(Beginning of TASK INPUTS)

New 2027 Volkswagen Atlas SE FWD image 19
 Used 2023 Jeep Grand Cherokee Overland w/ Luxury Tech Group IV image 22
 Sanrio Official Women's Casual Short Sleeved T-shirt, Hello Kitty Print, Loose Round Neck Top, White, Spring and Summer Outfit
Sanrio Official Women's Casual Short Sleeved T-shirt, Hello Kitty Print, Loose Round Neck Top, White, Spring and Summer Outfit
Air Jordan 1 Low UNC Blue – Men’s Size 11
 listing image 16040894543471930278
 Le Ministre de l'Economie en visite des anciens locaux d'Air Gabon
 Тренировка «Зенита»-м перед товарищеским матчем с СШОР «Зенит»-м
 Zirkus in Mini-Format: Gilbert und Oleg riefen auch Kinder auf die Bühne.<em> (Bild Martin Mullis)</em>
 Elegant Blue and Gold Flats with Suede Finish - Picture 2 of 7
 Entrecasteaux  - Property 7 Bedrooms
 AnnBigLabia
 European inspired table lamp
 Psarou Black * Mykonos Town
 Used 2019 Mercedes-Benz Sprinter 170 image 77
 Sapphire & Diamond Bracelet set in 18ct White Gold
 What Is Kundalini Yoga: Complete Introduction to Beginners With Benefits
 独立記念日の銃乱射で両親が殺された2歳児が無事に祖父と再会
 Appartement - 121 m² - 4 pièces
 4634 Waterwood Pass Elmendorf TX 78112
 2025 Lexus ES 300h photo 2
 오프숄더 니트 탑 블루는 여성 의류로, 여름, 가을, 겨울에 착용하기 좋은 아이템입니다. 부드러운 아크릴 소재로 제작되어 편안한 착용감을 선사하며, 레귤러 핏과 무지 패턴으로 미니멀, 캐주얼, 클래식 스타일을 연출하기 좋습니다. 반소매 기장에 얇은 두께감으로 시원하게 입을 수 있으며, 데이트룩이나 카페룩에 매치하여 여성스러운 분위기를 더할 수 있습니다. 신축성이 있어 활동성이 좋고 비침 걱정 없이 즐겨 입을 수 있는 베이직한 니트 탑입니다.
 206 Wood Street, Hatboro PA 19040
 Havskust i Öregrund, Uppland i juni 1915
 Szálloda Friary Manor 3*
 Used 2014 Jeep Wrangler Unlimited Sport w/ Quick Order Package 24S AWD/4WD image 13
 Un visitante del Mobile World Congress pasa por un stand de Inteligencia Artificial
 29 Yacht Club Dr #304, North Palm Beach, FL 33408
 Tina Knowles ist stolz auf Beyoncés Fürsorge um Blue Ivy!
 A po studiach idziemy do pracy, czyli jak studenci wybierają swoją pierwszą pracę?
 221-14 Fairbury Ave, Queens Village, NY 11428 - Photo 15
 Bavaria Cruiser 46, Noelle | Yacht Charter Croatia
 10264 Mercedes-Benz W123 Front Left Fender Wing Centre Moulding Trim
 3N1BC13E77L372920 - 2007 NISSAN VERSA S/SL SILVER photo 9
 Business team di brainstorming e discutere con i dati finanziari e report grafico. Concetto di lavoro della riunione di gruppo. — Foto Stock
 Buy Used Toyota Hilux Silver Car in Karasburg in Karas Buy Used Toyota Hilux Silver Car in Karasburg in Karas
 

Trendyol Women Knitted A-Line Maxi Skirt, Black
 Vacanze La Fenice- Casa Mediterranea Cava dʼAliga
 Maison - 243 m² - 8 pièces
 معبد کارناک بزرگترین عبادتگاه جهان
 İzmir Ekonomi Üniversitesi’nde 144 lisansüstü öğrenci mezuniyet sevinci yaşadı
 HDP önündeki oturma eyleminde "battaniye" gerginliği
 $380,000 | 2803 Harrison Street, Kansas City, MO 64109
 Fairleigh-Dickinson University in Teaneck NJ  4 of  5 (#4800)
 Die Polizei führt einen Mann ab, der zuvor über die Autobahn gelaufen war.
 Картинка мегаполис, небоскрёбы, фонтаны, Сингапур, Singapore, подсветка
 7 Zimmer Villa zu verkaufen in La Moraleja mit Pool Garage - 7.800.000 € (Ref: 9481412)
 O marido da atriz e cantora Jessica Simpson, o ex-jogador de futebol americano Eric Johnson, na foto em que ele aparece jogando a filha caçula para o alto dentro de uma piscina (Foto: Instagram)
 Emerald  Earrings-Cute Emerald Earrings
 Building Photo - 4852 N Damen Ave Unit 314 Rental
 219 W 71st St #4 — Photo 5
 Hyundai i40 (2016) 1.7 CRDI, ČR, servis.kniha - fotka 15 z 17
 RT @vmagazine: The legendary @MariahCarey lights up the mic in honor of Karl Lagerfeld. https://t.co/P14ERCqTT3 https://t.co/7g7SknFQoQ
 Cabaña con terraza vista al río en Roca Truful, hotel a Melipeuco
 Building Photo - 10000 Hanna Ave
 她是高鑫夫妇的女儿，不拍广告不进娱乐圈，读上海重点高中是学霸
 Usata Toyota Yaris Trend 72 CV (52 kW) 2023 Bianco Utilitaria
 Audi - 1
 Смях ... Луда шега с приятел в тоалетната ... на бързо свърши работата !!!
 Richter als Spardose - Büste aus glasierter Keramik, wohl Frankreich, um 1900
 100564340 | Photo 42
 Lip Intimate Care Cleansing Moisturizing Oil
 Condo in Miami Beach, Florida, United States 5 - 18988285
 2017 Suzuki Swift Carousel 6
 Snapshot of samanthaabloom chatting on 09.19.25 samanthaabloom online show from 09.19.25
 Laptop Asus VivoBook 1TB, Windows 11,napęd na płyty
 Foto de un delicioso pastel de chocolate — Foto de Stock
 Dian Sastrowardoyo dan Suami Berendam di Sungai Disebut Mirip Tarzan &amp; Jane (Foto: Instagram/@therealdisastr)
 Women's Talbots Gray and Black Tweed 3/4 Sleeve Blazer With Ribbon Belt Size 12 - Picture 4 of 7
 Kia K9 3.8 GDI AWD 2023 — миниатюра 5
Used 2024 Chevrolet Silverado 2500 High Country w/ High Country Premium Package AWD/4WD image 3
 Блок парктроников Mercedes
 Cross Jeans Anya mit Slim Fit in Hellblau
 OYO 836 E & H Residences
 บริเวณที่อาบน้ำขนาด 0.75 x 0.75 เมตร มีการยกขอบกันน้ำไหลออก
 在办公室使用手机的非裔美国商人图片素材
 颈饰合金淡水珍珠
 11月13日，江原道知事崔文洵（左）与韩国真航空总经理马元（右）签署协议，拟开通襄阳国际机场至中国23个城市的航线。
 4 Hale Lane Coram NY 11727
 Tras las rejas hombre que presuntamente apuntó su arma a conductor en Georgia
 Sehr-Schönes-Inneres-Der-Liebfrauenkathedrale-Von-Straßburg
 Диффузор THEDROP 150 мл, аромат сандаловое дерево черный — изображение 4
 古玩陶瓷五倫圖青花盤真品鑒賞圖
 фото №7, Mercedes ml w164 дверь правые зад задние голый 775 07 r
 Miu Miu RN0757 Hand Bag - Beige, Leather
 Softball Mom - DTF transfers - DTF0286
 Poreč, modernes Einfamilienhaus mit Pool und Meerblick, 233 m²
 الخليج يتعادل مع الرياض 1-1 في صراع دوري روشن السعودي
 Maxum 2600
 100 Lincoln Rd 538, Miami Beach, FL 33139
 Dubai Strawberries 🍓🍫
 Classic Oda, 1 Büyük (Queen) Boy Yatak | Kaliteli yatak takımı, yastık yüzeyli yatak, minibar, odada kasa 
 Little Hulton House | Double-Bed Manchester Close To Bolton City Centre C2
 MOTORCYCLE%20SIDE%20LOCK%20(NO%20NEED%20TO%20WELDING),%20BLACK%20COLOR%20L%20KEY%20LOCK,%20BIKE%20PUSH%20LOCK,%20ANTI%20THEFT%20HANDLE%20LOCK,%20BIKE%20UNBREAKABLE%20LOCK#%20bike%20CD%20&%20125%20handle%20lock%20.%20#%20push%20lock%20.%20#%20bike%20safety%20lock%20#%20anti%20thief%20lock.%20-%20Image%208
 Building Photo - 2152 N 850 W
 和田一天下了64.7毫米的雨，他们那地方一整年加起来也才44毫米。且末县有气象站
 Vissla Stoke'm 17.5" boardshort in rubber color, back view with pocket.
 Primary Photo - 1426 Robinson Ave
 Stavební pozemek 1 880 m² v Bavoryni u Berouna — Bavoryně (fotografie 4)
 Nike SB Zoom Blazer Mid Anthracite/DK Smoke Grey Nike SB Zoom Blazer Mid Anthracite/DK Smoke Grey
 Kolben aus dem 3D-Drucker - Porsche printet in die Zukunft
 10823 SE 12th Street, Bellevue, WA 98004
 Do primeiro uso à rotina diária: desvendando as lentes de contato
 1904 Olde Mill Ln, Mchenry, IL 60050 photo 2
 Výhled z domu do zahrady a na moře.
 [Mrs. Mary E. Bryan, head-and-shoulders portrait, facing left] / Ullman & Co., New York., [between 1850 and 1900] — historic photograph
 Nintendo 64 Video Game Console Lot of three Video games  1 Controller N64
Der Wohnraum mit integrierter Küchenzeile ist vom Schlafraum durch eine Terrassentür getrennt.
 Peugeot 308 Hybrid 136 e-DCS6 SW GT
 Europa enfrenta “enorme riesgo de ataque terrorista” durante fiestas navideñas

(End of TASK INPUTS)

ASSIGNMENT → Keep both end lines and retype everything in the records above from the line containing "Poreč, modernes Einfamilienhaus" through the line containing "Little Hulton House", exactly, with nothing else.

RESULT OF THIS EXERCISE →
 Poreč, modernes Einfamilienhaus mit Pool und Meerblick, 233 m²
 الخليج يتعادل مع الرياض 1-1 في صراع دوري روشن السعودي
 Maxum 2600
 100 Lincoln Rd 538, Miami Beach, FL 33139
 Dubai Strawberries 🍓🍫
 Classic Oda, 1 Büyük (Queen) Boy Yatak | Kaliteli yatak takımı, yastık yüzeyli yatak, minibar, odada kasa 
 Little Hulton House | Double-Bed Manchester Close To Bolton City Centre C2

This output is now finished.